Reproduce exactly the lines from the one that holds "Achatuhr Tischuhr Kaminuhr" through the last line of the entries, both ends included, but not the pictures.

=== Section Start ===

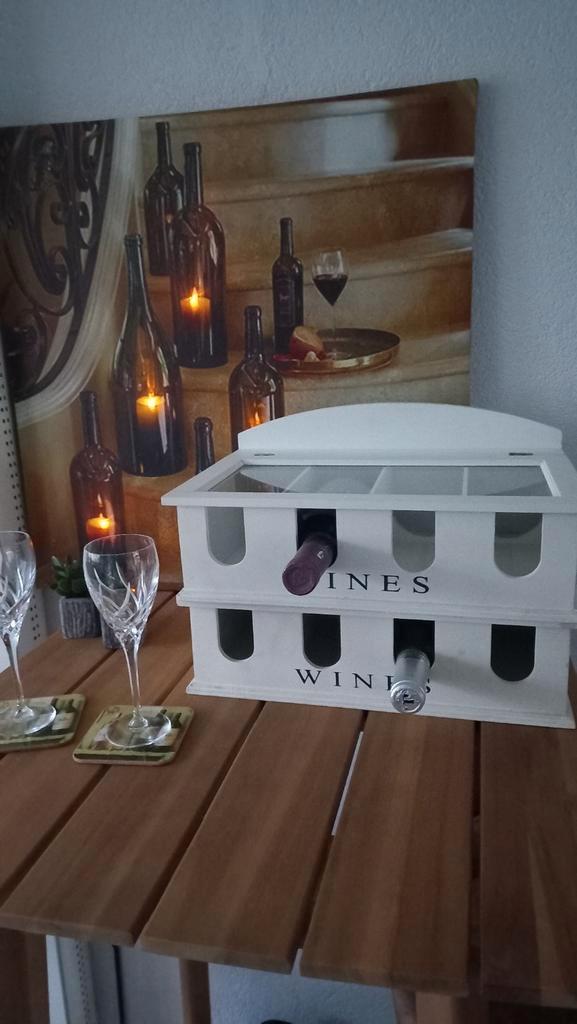 Twee prachtige wijnkistjes, Huis en Inrichting, Woonaccessoires | Wijnrekken, Zo goed als nieuw, Minder dan 50 cm, Hout, 5 tot 15 flessen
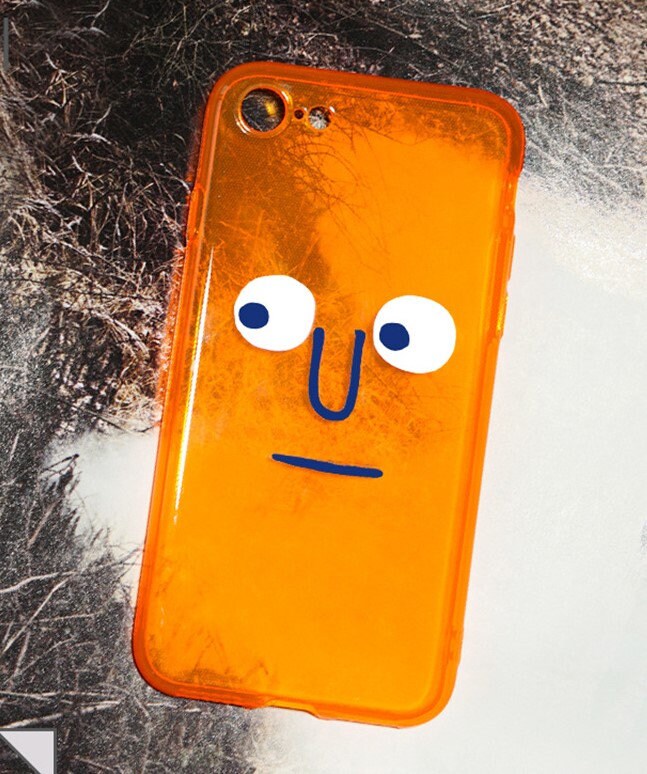 Funky Orange iPhone Case for iPhone 11, 11 Pro, 11 Pro Max, iPhone 12, 12 Pro, 12 Pro Max - Unique and Playful Design with a Funny Face - Builditfy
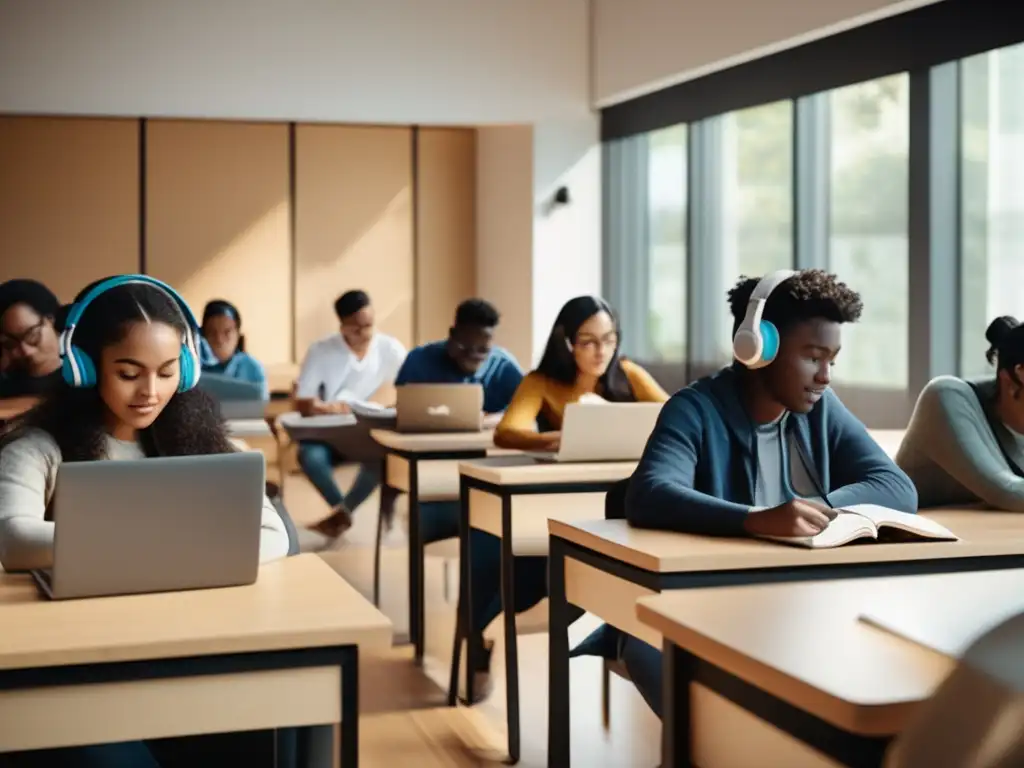 Estudiantes internacionales en aula contemporánea Estudiantes internacionales preparándose para exámenes universitarios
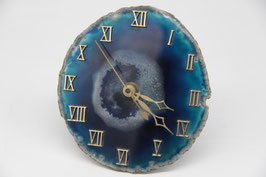 Achatuhr Tischuhr Kaminuhr Uhr aus Achat stehend blau Halbedelstein Quarzuhrwerk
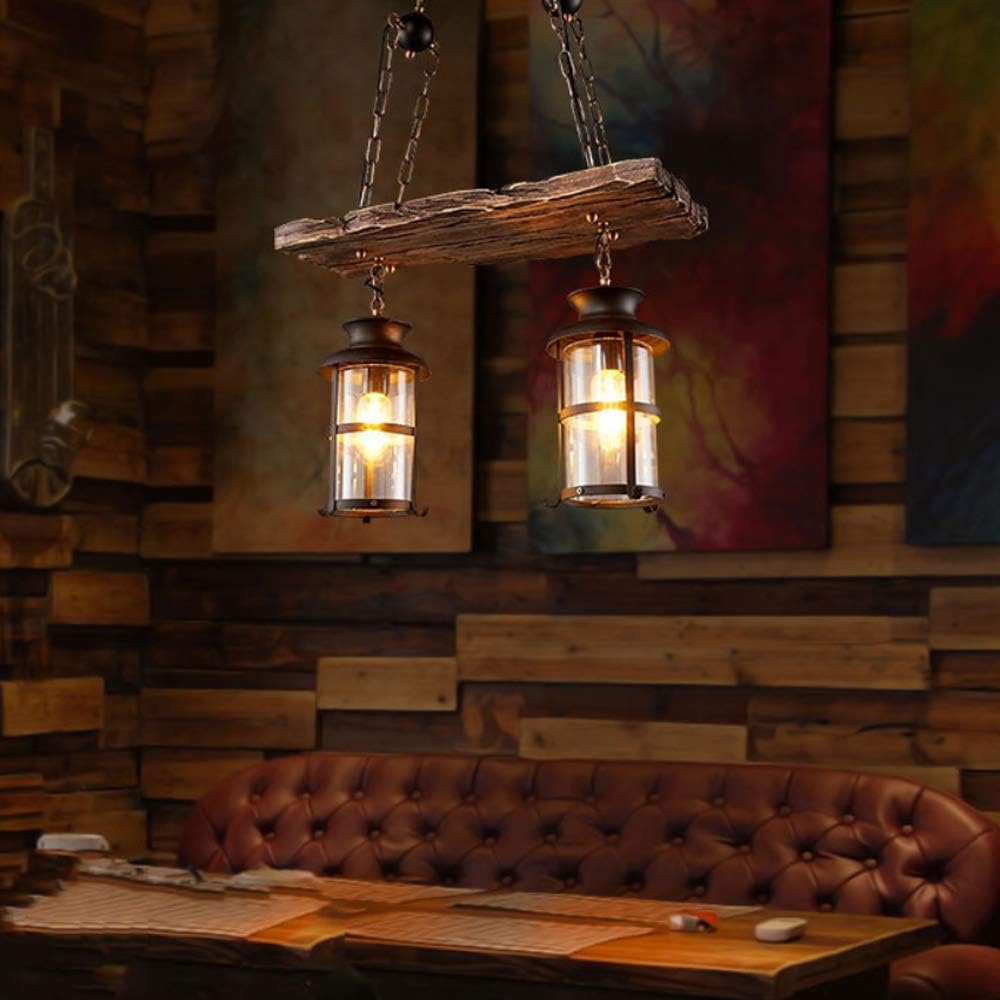 Vintage Pendellampe E27 Industrie Kronleuchter Vintage Holz Pendelleuchte Schwarz Eisen Und Glas Lampenschirm Höhenverstellbare Hängelampe Beleuchtung Loft Innen Restaurant Wohnzimmer Bar Dekoration,A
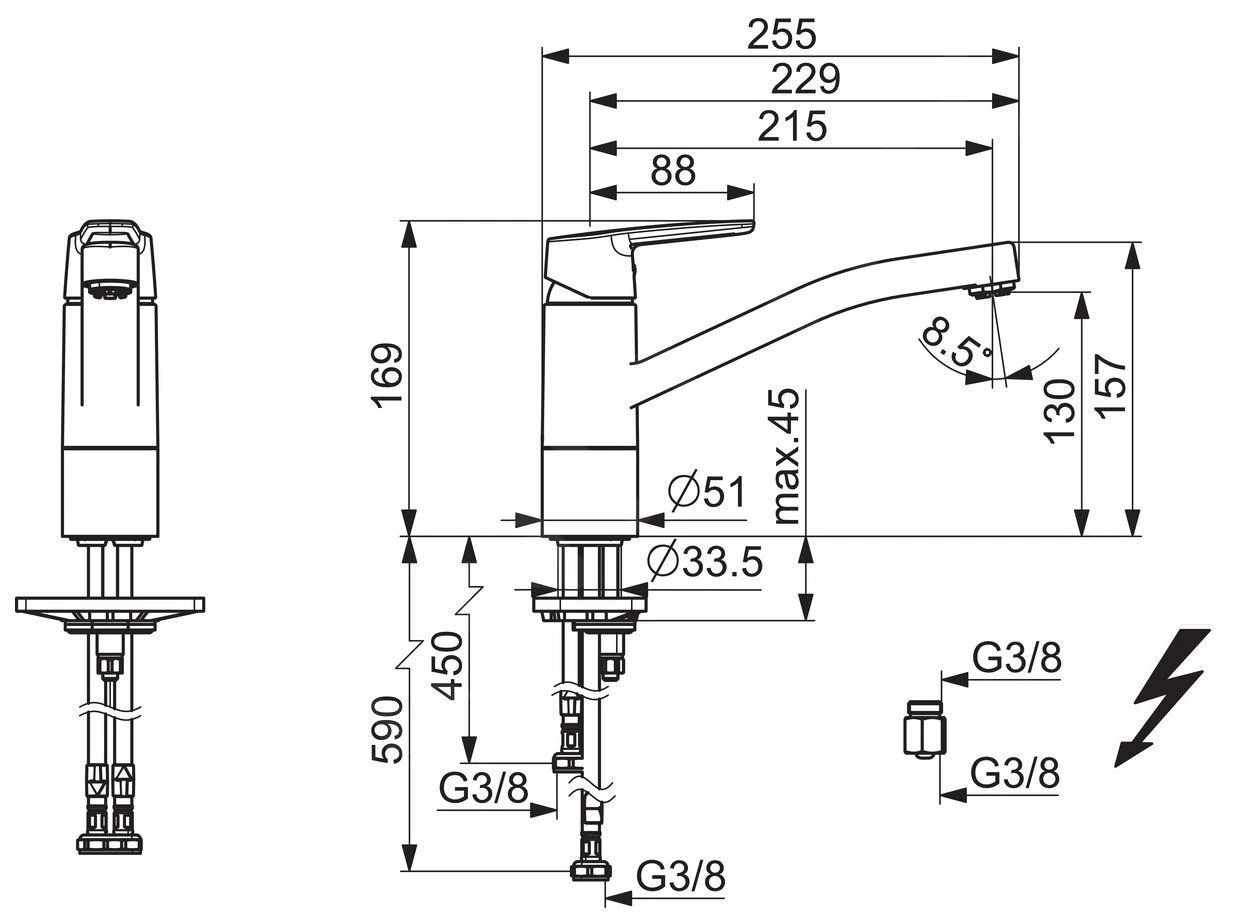 Hansa Polo - Spültisch-Einhebelmischer, Für Drucklose Warmwasserbereiter, Chrom 51591193 – Bild 2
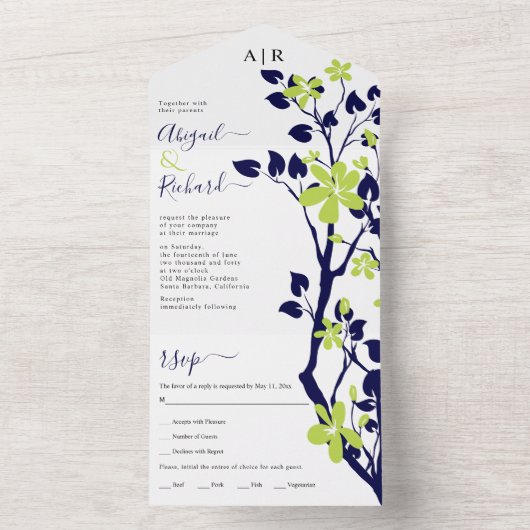 Invitation Tout En Un Marine bleu, branche verte citron avec fleurs mari (À l'intérieur)
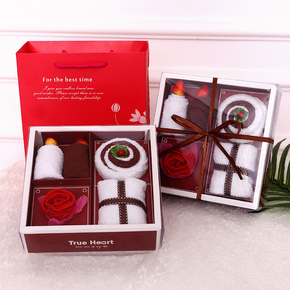 创意蛋糕毛巾礼盒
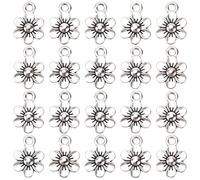 SUNNYCLUE 1 Box 140Pcs Antique Silver Flower Charms Flowers Charms Bulk Tibetan Metal Alloy Floral Vintage Dangle Pendants for Jewellery Making DIY Crafts Supplies Earrings Necklace Bracelet Adults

=== Section End ===

■ **Answer space**:
 Achatuhr Tischuhr Kaminuhr Uhr aus Achat stehend blau Halbedelstein Quarzuhrwerk
 Vintage Pendellampe E27 Industrie Kronleuchter Vintage Holz Pendelleuchte Schwarz Eisen Und Glas Lampenschirm Höhenverstellbare Hängelampe Beleuchtung Loft Innen Restaurant Wohnzimmer Bar Dekoration,A
 Hansa Polo - Spültisch-Einhebelmischer, Für Drucklose Warmwasserbereiter, Chrom 51591193 – Bild 2
 Invitation Tout En Un Marine bleu, branche verte citron avec fleurs mari (À l'intérieur)
 创意蛋糕毛巾礼盒
 SUNNYCLUE 1 Box 140Pcs Antique Silver Flower Charms Flowers Charms Bulk Tibetan Metal Alloy Floral Vintage Dangle Pendants for Jewellery Making DIY Crafts Supplies Earrings Necklace Bracelet Adults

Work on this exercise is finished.